Iceland University of the Arts
- Motto: Curiosity - Understanding - Courage
- Type: Private
- Established: 1998
- Rector: Kristín Eysteinsdóttir
- Students: 598 (2022)
- Location: Reykjavík, Iceland
- Website: www.lhi.is

= Iceland University of the Arts =

University in Reykjavík, Iceland

Iceland University of the Arts (Listaháskóli Íslands /is/) is an Icelandic institution of higher art education, located in Reykjavík, which offers the only university-level degrees in the arts in Iceland. The institution was founded on 21 September 1998 by consolidating the Iceland Drama School and the Reykjavík Arts School, and classes began in autumn 1999.

== Education ==
Following the standards of the Bologna process, IUA offers bachelor's degree programmes (3 years, 180 ECTS credits, Bachelor of Fine Arts), and master's degree programmes (2 years, 120 ECTS credits, Master of Fine Arts).

There are seven study programmes available at IUA:

- Architecture
- Arts Education
- Design
- Film
- Fine Art
- Music
- Performing Arts

==International collaboration==
IUA is an active member of the University of the Arctic. UArctic is an international cooperative network based in the Circumpolar Arctic region, consisting of more than 200 universities, colleges, and other organizations with an interest in promoting education and research in the Arctic region.

==Notable alumni & faculty==
Faculty members of IUA are all practising artists and experts in their field of work.

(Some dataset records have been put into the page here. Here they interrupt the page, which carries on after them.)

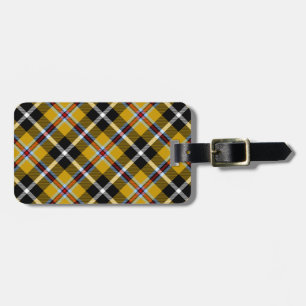 Étiquette À Bagage Cornouailles National Tartan Jaune et Noir Plaid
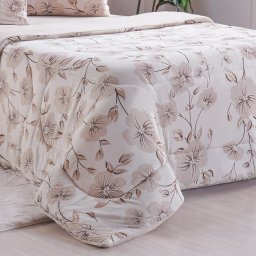 Edredom Solteiro Bella Cama Malha 125g/m² 100% Algodão 160x220cm Bege - 5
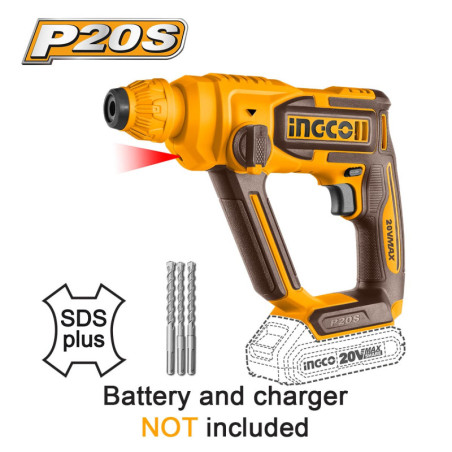 INGCO Πιστολέτο Περιστροφικό Κρουστικό Μπαταρίας 20V Li-Ion SOLO 1.5J (CRHLI20168)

Distinguished former students and faculty members at IUA include:

Fine Art: Bryndís H. Snæbjörnsdóttir, Carl Boutard, Egill Sæbjörnsson, Elín Hansdóttir, Hekla Dögg Jónsdóttir, Hrafnhildur Arnardóttir (Shoplifter), Hugleikur Dagsson, Ólöf Nordal, Ragnar Kjartansson, Sigurður Guðjónsson, Monika Larsen Dennis.

Music: Atli Ingólfsson, composer. Bára Gísladóttir, composer and musician. Guðmundur Steinn Gunnarsson, composer and musician. Hildur Guðnadóttir, composer and musician. Ólöf Arnalds, singer/songwriter and musician, Hildur Elísa Jónsdóttir, composer and musician, Anna S. Þorvaldsdóttir, composer.

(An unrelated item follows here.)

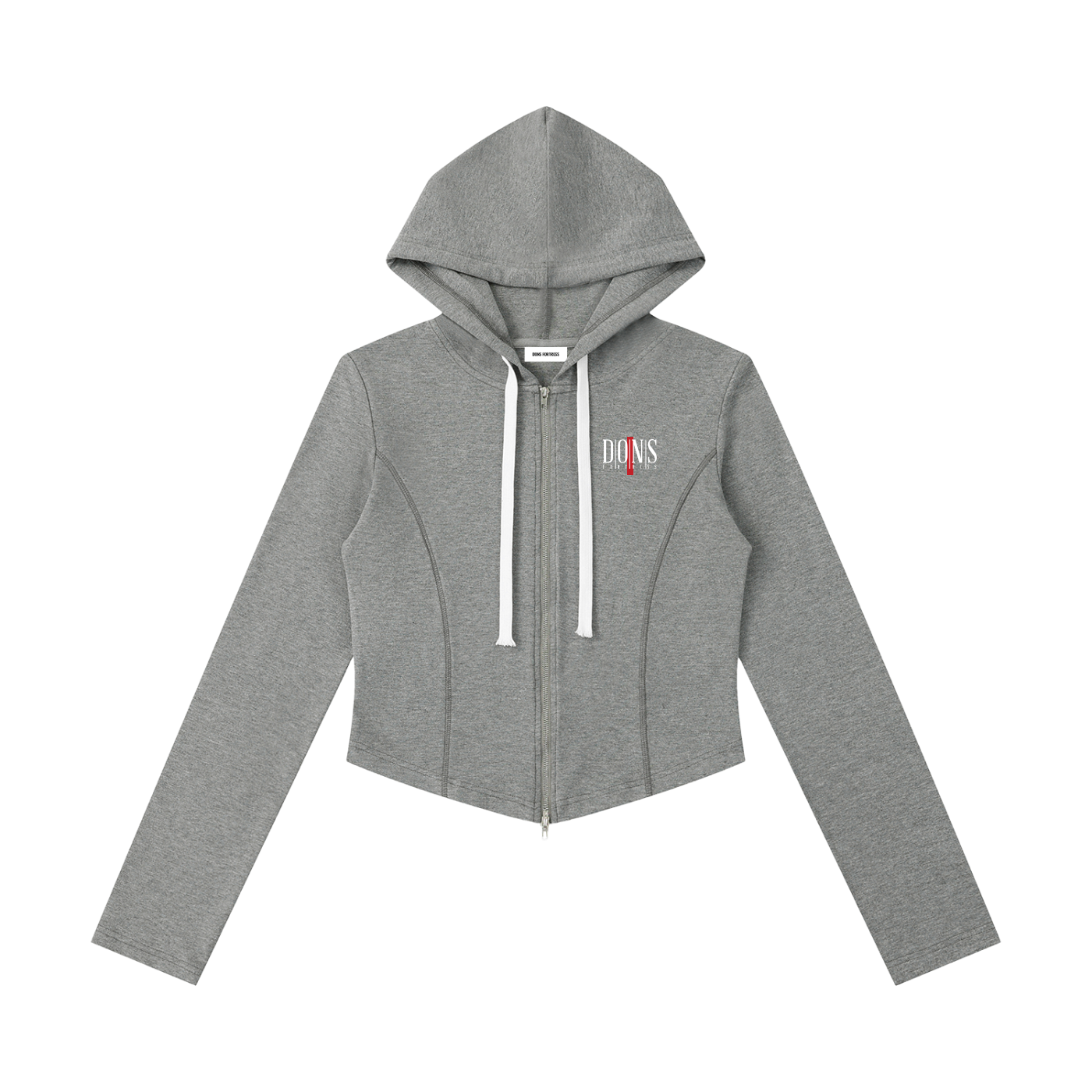Gray semi-cropped hoodie with a brand logo on a white background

Performing Arts: Baltasar Kormákur, director and actor. Ebba Katrín Finnsdóttir, actress. Halldóra Geirharðsdóttir, actress and musician. Hannes Óli Ágústsson, actor. Karl Ágúst Þorbergsson device theatre. Katrín Gunnarsdóttir, dancer and choreographer. Kristín Þóra Haraldsdóttir, actress. Matthías Haraldsson, vocalist of Hatari & playwright. Ólafur Darri Ólafsson, actor. Sigríður Soffía Níelsdóttir, dancer and choreographer. Stefán Karl Stefánsson, film and stage actor. Þorleifur Örn Arnarson, theatre director and playwright.